There is an incredible amount of potential stored within social networks and the Internet of Things.
On projects at Odopod, we've scored site contributors based on their social activities. We've provided tools for our clients to hold conversations in Twitter and bring those conversations into their sites. We've generated countless shares and likes. And we've only begun to scratch the surface.
With the continued growth of data available to us via APIs and increasingly sophisticated open source tools, we're looking forward to more and more opportunities to skim a little data and shape it into something both fun and useful.
I recently presented some related research during a brown bag lunch discussion. Here are some highlights.
Many of the examples I use are based on concepts presented in Mining the Social Web by Matthew A. Russell. The book is a great overview of contemporary open source tools, APIs and data-mining practices. The examples and techniques discussed make a broad range of data mining tasks approachable without a PHD.
Working with relationships
Network graphs are a very useful tool for making sense of relationships among a group things. These graphs provide a model for storing nodes and connections between them. For example, a group of Facebook users could represent the nodes in a graph and their friendships would be used to form connections (aka edges) between the nodes.
Once a network graph is set up, several functions are available for analyzing the data. You can determine the density of a graph, which could tell you if your followers on Twitter form a tight-knit community or if they are strangers to one another. You can also quickly find the nodes that are highly connected to others in the community. It is possible locate sub networks (called cliques) within the main network. And, of course, you can play your own game of "six degrees of separation" by getting the shortest path between any two nodes in the graph.
While it is common to make network graphs based on friendships or other relationships in a social network, there are countless other ways to make use of these graphs. For example, you can learn about how your messages spread through Twitter by making nodes for retweeted messages and connecting each one to the tweet it was retweeted from.
Graphing Odopod's Twitter network
As I was looking at a network graph of some Odopod employees and their followers, I realized that the shared relationships within the graph could be used to find Twitter accounts for others who work here.
I originally built a graph using 20 fellow employees that I was already following on Twitter. By looking at the largest cliques (sub networks), the people appearing most often in those cliques and the most connected nodes in general, I found additional accounts for people who work at Odopod. By adding those and rebuilding the graph, I found even more. In the end, I extended the group of 20 accounts to 30.
Given a partial list of any community, this technique could be used to find additional members.
A force directed plot of a network graph that includes Twitter accounts of Odopod employees and their followers. The large mass in the center are all @Odopod followers collected around the @Odopod node.
Other visualizations of Network Graphs
There are several ways to visualize network graphs. One alternative to the force directed render above is an RGraph (radial graph). RGraphs show the degrees of separation between nodes by mapping them to concentric circles.
This interactive RGraph consists of my friends on Facebook. Two states of the graph are shown in the image below. On the left I am at the center of the graph and everyone in the network is one degree away from me.

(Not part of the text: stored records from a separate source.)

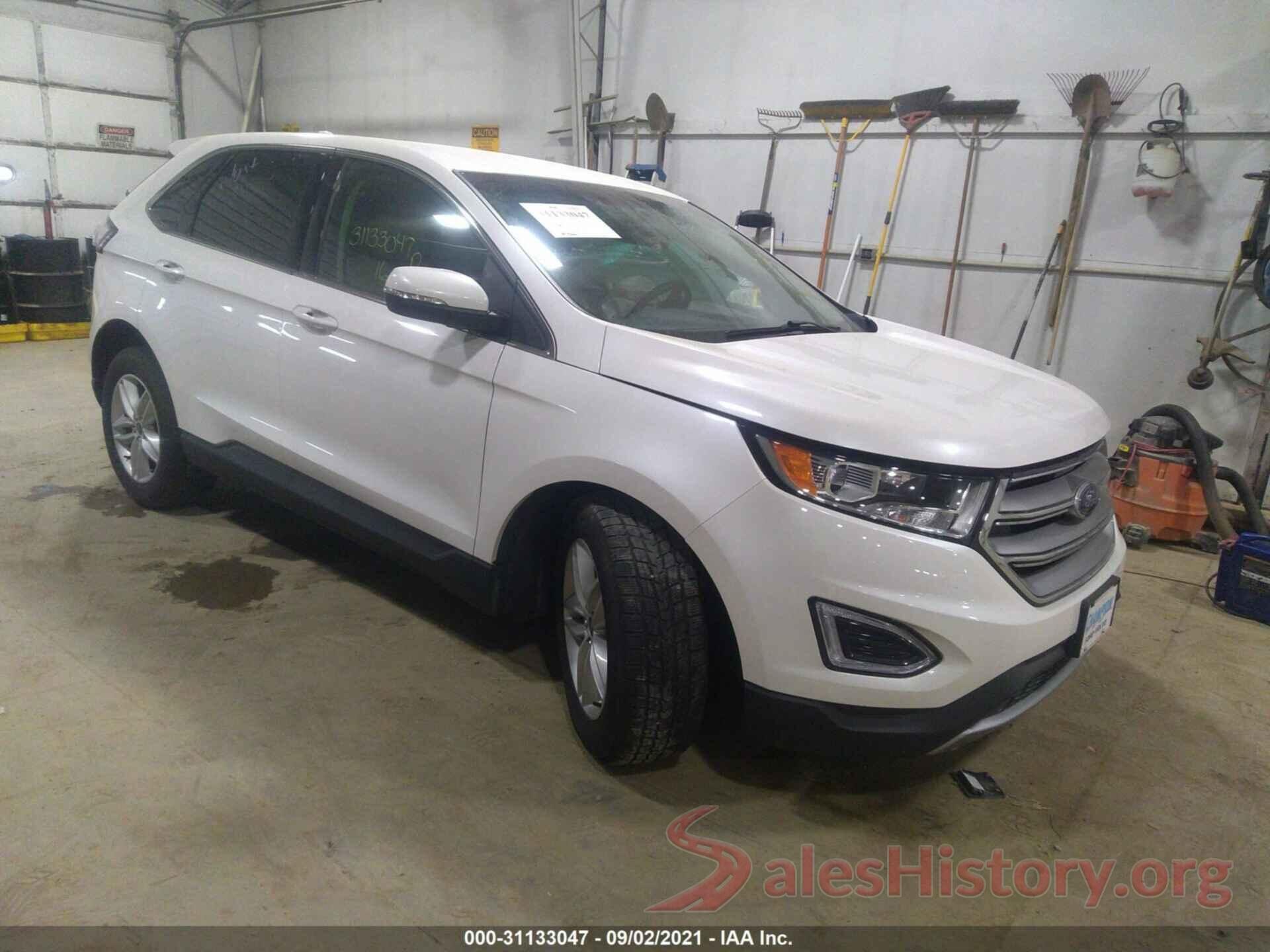 2FMPK4J96GBC13004 2016 FORD EDGE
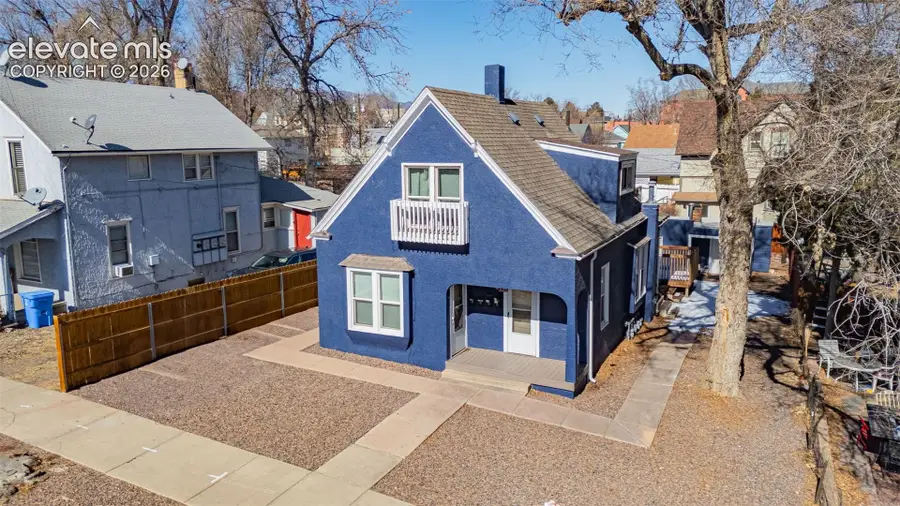 326 E St Vrain Street, Colorado Springs, CO 80903 - #3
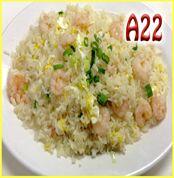 Shrimp Fried Rice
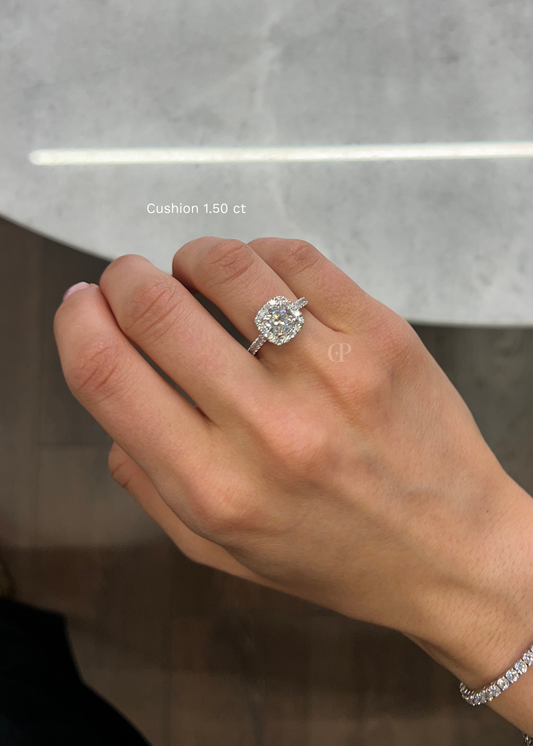 Halo Ring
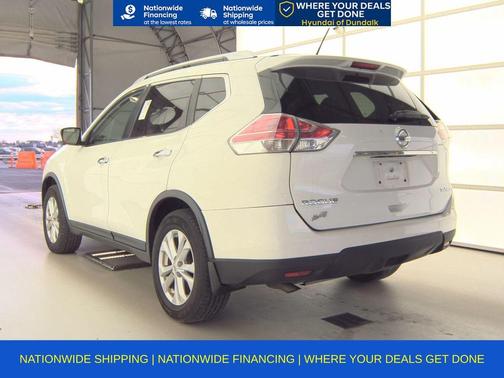 2016 Nissan Rogue SV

On the right one of my friends is centered and everyone else is either one degree (connected directly) or two degrees away (connected via someone else).
Two states of an RGraph mapping my Facebook friends.
Given that this data consists only of my direct friends, no one in the graph is further than two degrees removed from anyone else. Other data sets could have many more degrees of separation and the RGraph would include additional concentric circles to represent those distances.
Working with content
As interesting as relationships within network graphs are, the content contained within profiles and documents (messages) are often a richer source of data.
Some interesting possibilities include: finding the most vocal people in a community; finding common interests, professions and home towns among a set of profiles; charting the most commonly referenced topics in a set of documents; and reconstructing conversations between one or more people.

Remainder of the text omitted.